After locating the line with "All-India Institute of Medical Sciences logo", set down that line and all the lines that follow it, unchanged, to the end of the records; omit the pictures.

** Opening Information given block **

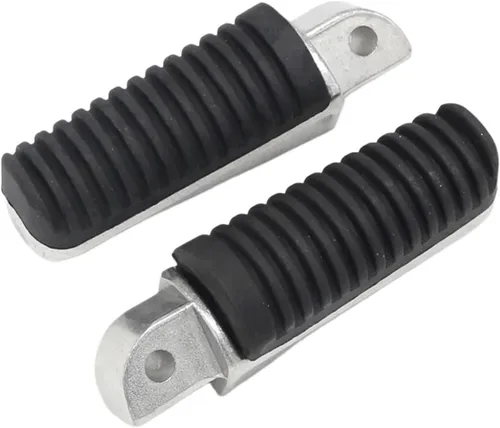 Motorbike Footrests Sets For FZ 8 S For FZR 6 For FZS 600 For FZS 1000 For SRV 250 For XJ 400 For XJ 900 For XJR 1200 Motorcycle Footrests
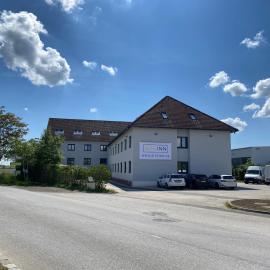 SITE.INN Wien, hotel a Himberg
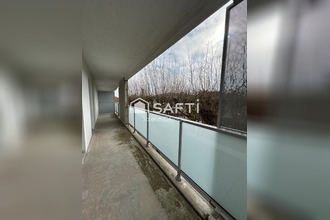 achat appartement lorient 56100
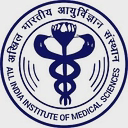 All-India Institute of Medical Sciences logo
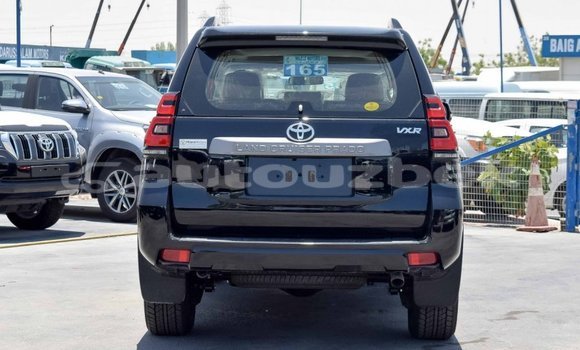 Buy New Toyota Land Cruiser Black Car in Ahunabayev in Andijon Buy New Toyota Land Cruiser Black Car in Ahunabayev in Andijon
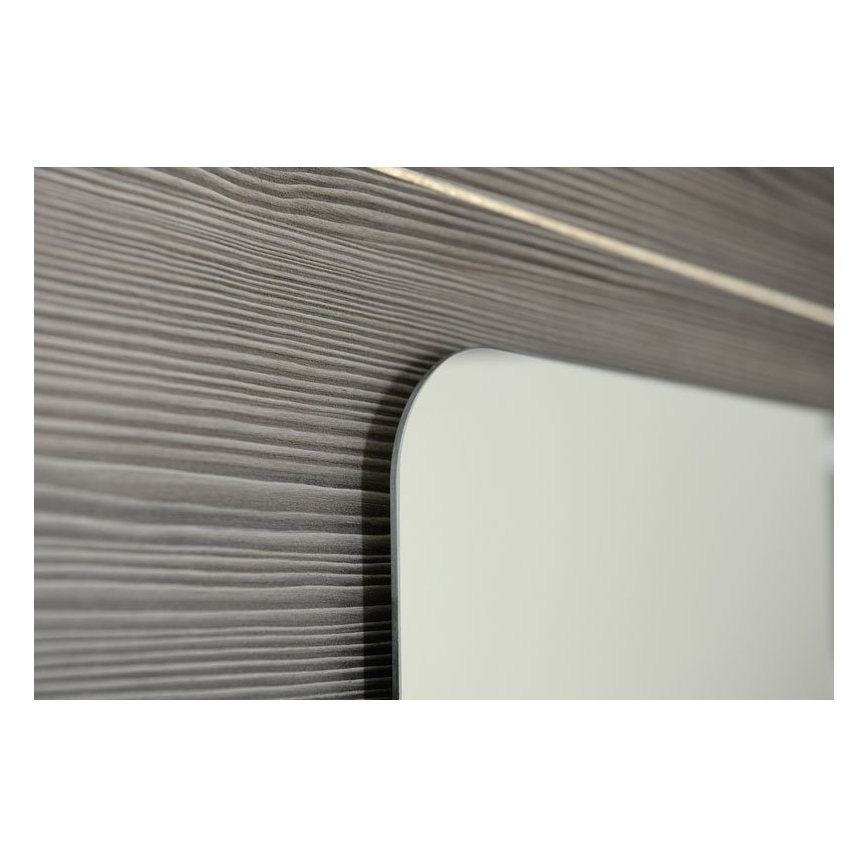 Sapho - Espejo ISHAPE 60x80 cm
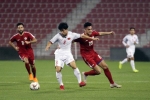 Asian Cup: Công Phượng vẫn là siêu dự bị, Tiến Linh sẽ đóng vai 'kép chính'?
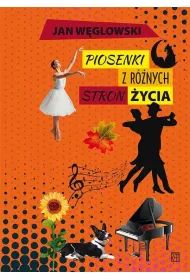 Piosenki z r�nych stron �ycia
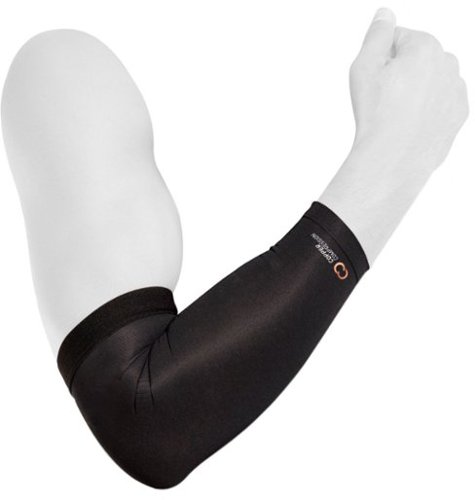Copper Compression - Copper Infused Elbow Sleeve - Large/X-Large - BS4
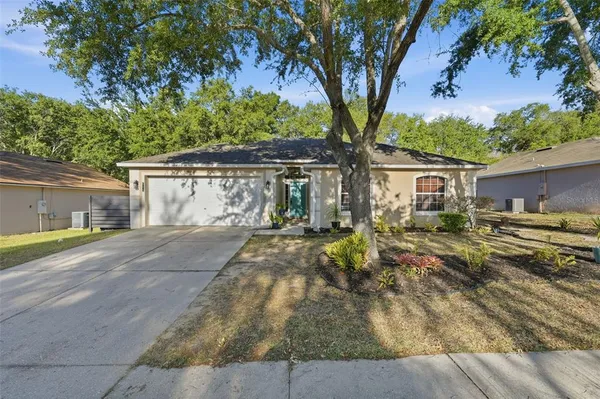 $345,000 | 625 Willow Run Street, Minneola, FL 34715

** Closing Information given block **

- Exercise response
 All-India Institute of Medical Sciences logo
 Buy New Toyota Land Cruiser Black Car in Ahunabayev in Andijon Buy New Toyota Land Cruiser Black Car in Ahunabayev in Andijon
 Sapho - Espejo ISHAPE 60x80 cm
 Asian Cup: Công Phượng vẫn là siêu dự bị, Tiến Linh sẽ đóng vai 'kép chính'?
 Piosenki z r�nych stron �ycia
Copper Compression - Copper Infused Elbow Sleeve - Large/X-Large - BS4
 $345,000 | 625 Willow Run Street, Minneola, FL 34715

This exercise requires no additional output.